Einen weiteren Schritt in Richtung mehr Offenheit und Transparenz der Kreistagsarbeit sieht auch die Geschäftsordnung des neuen Kreistags vor. Hier ist in der aktuellsten, noch vom Kreistag zu beschließenden Fassung die Möglichkeit vorgesehen, die in öffentlichen Sitzungen gefassten Beschlüsse künftig auch im Internet Interessierten zugänglich zu machen. Dies kann umgesetzt werden, sofern der Kreistag dem zugestimmt hat. Die Option, auch die oft sehr umfangreichen Sitzungsvorlagen der Öffentlichkeit zugänglich zu machen, stand im Landratsamt bisher noch nicht zur Diskussion. Eine von den Grünen beantragte Informationsfreiheitssatzung, nach der Bürgern Akteneinsicht im Landratsamt unter Berücksichtigung des Datenschutzes gewährt werden müsste, fand im alten Kreistag keine Mehrheit.

Mammendorf

In den acht Mitgliedsgemeinden der Verwaltungsgemeinschaft Mammendorf ist die Einbindung der Bürger in ein elektronische Rathausinformationssystem noch kein Thema. Laut dem neuen Mammendorfer Bürgermeister Josef Heckel (FW) sind für die nächste Zeit auch keine konkreten Schritte geplant. Und er verweist auf rechtliche Bedenken sowie darauf, dass in den kleineren Gemeinden nicht alle Ratsmitglieder mit den Feinheiten der elektronischen Datenverarbeitung vertraut seien.
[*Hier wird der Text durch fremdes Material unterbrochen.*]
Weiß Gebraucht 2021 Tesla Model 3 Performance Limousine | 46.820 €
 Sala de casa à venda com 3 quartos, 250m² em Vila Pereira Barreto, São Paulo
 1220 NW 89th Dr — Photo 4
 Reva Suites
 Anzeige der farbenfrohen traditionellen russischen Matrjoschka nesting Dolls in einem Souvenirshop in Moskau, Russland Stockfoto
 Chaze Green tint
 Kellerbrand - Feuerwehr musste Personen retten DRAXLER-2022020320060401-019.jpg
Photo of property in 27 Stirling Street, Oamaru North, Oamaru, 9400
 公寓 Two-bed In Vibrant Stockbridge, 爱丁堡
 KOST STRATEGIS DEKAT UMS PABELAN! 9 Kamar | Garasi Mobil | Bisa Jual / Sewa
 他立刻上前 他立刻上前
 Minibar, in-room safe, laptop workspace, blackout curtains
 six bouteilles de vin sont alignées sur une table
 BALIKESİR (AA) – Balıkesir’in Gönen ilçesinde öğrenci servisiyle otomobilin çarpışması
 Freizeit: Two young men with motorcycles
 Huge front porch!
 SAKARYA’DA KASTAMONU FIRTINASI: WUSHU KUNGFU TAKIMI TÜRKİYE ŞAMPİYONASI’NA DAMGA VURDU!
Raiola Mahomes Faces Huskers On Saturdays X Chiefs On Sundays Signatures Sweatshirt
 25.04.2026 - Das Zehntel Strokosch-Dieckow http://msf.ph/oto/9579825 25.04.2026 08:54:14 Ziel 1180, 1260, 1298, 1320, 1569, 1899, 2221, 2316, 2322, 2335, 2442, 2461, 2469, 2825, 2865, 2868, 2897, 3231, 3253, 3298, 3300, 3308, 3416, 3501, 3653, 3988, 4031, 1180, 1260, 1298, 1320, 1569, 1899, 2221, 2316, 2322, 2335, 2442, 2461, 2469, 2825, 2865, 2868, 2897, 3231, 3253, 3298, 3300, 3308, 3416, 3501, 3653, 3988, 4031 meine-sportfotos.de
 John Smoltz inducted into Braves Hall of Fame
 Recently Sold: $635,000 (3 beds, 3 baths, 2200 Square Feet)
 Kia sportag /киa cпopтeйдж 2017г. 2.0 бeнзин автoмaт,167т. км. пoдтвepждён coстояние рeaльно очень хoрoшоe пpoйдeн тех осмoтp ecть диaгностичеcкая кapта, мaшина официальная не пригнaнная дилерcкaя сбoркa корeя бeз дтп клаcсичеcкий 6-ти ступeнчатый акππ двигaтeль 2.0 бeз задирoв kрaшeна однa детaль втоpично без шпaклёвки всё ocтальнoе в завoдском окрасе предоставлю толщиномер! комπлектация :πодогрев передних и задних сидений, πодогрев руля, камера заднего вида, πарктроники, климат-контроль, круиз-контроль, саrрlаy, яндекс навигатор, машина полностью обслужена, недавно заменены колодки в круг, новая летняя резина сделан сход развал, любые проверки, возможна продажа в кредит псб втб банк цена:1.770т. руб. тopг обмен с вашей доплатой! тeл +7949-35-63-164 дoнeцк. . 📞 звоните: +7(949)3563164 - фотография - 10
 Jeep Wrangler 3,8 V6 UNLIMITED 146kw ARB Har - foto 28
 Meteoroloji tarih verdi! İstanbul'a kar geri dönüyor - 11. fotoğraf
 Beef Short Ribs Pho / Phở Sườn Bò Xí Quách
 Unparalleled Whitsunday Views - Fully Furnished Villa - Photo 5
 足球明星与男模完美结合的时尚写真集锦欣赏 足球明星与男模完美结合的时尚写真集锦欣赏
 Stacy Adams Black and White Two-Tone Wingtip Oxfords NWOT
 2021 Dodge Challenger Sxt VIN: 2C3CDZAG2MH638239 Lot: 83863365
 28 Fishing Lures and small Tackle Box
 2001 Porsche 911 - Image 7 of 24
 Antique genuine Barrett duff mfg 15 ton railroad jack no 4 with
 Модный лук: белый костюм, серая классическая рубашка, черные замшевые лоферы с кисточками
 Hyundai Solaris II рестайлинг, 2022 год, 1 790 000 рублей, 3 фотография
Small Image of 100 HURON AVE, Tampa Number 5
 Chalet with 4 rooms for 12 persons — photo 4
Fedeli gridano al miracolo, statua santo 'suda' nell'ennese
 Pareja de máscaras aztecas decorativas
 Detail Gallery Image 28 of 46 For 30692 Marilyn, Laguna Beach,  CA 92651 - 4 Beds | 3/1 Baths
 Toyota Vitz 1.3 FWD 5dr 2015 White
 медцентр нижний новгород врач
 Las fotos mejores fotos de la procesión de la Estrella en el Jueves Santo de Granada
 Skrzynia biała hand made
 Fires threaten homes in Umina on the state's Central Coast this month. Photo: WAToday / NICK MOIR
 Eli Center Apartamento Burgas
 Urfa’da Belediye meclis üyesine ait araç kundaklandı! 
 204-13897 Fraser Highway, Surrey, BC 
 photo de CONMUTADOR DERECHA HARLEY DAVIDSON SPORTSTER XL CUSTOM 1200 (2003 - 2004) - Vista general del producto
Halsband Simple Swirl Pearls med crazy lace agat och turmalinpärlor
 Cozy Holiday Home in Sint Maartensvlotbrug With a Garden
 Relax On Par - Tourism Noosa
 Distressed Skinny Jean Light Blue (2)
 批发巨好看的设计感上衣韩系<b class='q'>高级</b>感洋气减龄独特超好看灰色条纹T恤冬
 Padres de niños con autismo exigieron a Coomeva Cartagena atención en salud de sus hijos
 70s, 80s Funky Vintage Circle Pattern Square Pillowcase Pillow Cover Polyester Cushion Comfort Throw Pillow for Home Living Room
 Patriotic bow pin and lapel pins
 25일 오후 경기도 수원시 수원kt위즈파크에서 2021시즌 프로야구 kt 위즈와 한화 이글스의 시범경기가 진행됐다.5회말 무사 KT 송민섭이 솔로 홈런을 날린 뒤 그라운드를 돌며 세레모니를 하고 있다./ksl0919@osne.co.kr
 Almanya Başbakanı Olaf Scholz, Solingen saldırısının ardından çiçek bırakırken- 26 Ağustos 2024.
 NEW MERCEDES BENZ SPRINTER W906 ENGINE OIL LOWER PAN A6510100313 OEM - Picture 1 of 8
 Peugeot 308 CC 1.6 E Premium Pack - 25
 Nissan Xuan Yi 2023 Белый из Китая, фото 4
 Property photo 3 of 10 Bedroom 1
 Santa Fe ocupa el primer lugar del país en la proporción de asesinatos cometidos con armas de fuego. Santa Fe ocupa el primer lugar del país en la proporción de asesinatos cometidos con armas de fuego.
VG-Geschäftsführer Robert Kaiser hält es noch nicht für erforderlich, den Bürgern kleinerer, überschaubarer Kommunen Sitzungsunterlagen im Internet zur Verfügung zu stellen. Er weist darauf hin, dass in den kleineren Gemeinden schließlich noch die direkte Kommunikation funktioniere. "Bürger, die etwas wissen wollen, gehen zum Bürgermeister oder in die Verwaltung und erhalten dort die entsprechenden Auskünfte", sagt Kaiser.

Allerdings wird bereits daran gearbeitet, zumindest den Gemeinderäten über das bestehende Dokumentenmanagementsystem der Verwaltungsgemeinschaft Unterlagen zur Verfügung zu stellen. Ohne zu Ergebnissen zu kommen, wurde bereits über die Bekanntgabe von Beschlüssen oder Sitzungsprotokollen im Internet diskutiert. Kaiser hält einen solchen Schritt noch für zu aufwendig - und er weist auf ungelöste datenrechtliche Probleme hin. Im westlichen Teil des Landkreises müssen sich an der Gemeindepolitik Interessiert als wohl noch für längere Zeit auf Informationsmöglichkeiten wie Aushänge, Mitteilungsblätter und Presseberichte verlassen - oder selbst als Zuhörer die Beratungen verfolgen.